He smiled ruefully. "She's a sly old bird, Sid. Last year she told us flatly that unless we recovered the sun-stone necklace she wouldn't renew our lease. Well, that brought action! We had to find her necklace, or face an absolute poverty of radium. So the Earth representative sent me instructions to manufacture some sort of detector that would react to the characteristic vibrations given off by sunstones. They loaned us the other sunstone necklace for test purposes."
I threw my cigarette away and got up and picked up the detector. "This is it?"
"That's it, Sid."
"And it's pointing at the sun-stone necklace at the Smithsonian?"
He nodded. "Three months ago, we made a dozen of the detectors, and distributed them among the captains of a dozen freight and passenger ships. And last week, a passenger ship of the Outer Planet Corporation reported that the needle pointed toward perp-planet number three. The ship discovered it by accident. There aren't any traffic routes laid down to the perp-planets, you know. This particular captain had to rise a million miles out of the plane of the ecliptic in order to escape a meteor-bog. So the sun-stone necklace is on that planet, and there is every possibility that that is where Strilla MacCloud is too."
I felt faint. I had to sit down again. I said hoarsely, "Do you know what Strilla MacCloud will do to me if she ever gets her hands on me, chief? She'll tear me limb from limb. She'll gouge my eyes out and play marbles with 'em. She'll--" I stopped and got hold of myself. I said dangerously, "Why doesn't the Council put the IPF on this job?"
He said, "Because--" Then he flushed and bit his lip.
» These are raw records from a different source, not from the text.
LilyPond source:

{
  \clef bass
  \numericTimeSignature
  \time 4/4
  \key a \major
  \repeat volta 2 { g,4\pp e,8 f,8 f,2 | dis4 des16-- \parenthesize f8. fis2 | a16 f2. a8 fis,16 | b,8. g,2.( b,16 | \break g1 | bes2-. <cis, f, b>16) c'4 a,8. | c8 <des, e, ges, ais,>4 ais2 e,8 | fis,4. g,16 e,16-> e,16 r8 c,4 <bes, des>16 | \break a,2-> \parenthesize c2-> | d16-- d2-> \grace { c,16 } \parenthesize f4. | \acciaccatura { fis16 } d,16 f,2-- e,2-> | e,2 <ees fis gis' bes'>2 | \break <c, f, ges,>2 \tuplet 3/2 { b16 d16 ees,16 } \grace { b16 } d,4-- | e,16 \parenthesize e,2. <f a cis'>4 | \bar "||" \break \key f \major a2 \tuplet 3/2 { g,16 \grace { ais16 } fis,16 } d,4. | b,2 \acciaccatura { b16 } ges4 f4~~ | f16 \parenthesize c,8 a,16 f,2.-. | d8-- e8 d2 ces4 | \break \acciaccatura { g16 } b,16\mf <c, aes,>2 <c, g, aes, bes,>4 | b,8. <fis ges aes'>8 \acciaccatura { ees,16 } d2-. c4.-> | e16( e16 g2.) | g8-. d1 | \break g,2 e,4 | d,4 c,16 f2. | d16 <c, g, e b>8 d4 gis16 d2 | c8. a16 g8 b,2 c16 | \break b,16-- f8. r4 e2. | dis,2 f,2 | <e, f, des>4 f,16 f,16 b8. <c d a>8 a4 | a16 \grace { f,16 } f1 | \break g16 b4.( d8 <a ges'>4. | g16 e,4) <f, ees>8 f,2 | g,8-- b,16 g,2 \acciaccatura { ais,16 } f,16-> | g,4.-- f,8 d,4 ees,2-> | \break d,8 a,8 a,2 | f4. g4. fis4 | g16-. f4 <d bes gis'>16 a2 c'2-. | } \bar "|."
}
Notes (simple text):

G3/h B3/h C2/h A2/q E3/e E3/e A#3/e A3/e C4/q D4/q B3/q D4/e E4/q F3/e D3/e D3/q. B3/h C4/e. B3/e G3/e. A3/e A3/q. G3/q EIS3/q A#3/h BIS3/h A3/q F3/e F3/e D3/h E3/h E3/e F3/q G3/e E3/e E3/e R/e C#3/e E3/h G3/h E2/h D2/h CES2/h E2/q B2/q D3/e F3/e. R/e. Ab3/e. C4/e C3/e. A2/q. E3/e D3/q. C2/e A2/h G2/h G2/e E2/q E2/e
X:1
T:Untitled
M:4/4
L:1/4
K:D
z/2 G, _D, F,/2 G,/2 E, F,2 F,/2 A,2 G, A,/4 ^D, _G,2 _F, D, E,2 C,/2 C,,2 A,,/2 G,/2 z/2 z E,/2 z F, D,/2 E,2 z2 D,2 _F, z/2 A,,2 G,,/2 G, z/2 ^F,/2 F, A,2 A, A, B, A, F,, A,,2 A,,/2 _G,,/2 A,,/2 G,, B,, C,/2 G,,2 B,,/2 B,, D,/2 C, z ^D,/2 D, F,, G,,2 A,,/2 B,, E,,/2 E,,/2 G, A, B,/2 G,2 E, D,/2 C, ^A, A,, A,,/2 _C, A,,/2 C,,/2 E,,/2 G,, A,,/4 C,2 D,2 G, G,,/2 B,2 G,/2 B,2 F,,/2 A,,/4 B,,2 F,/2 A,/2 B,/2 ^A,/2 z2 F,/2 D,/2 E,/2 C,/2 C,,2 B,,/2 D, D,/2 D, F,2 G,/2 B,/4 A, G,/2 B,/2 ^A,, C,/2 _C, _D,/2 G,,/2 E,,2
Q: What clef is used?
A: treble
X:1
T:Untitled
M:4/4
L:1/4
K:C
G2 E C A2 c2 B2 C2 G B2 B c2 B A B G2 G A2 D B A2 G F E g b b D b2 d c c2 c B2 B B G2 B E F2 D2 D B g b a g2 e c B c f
He said lamely, "You and Will Carrist will have one of the new ships, armed to the hull--" He stopped, and his shoulders fell. He made a weary little motion, because he knew that I knew what he had started to say. Perp-planet number three was another of those insignificant little worlds which the Council of Ten made a habit of kicking around in any way it pleased. I was being given carte blanche to do anything I wanted to recover the sun-stone necklace, during which the Council would conveniently look the other way, something they couldn't do if the IPF were put on the job...
I said glumly, "Let me have the detector," and I strapped it around my wrist.
I stuck out my hand and shook his. He looked pained. I grinned in cockeyed fashion. "You never know," I told him. "Perchance we will not meet again."
And so I went.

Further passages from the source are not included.